Editors note: This is an excerpt from the book, “COMSEC: Off-the-Grid Communications Strategies for Privacy Enthusiasts, Journalists, Politicians, Crooks, and the Average Joe.”

CHAPTER 1 (CONTINUED): THE INSECURITY OF SMS AND STANDARD VOICE CALLING

Cellular telephone calls and SMS messages are both insecure and non-private. Your calls are accessible to the CSP. The content of all your SMS text messages is fully saved and recorded by your CSP. In addition to the content, all of the metadata about these transactions is recorded and stored, as well. This creates a privacy nightmare that is just waiting to happen.

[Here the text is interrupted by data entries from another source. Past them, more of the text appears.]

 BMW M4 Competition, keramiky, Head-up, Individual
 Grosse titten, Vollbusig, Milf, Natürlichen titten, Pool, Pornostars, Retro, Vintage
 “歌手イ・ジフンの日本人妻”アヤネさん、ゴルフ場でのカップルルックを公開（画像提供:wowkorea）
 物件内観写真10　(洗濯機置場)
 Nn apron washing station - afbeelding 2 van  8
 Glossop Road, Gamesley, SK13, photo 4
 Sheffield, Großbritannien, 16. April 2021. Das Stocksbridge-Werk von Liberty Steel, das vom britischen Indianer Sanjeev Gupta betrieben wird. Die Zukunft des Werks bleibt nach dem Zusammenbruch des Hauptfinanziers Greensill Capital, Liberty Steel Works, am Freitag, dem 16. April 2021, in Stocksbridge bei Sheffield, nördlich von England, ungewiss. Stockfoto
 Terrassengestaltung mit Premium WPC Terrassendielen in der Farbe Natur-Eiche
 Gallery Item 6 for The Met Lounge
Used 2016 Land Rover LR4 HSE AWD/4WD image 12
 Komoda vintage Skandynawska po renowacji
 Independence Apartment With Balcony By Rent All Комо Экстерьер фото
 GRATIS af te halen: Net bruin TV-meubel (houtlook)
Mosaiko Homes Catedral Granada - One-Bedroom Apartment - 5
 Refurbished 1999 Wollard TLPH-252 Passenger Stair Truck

All it takes to verify this is a quick look at your cellular phone bill. The bill will show a long list of incoming and outgoing calls, incoming or outgoing SMS messages, and in some cases even the city where your phone was located at the time of the event. All of this metadata about your calls and texts, and the content of your texts, is stored for a minimum of five years. This information is consistently abused by CSPs who monetize it.

Verizon: On the counts of collecting and monetizing metadata and failing to provide meaningful protection to calls and messages, Verizon Wireless is perhaps the worst offender of the top-tier CSPs. Verizon sells your location data. While encrypting your calls is standard industry practice, Verizon fails to do so. We don’t mean to imply that any of the major cellular providers are much better; we only mean to point out that Verizon is particularly notorious in this regard.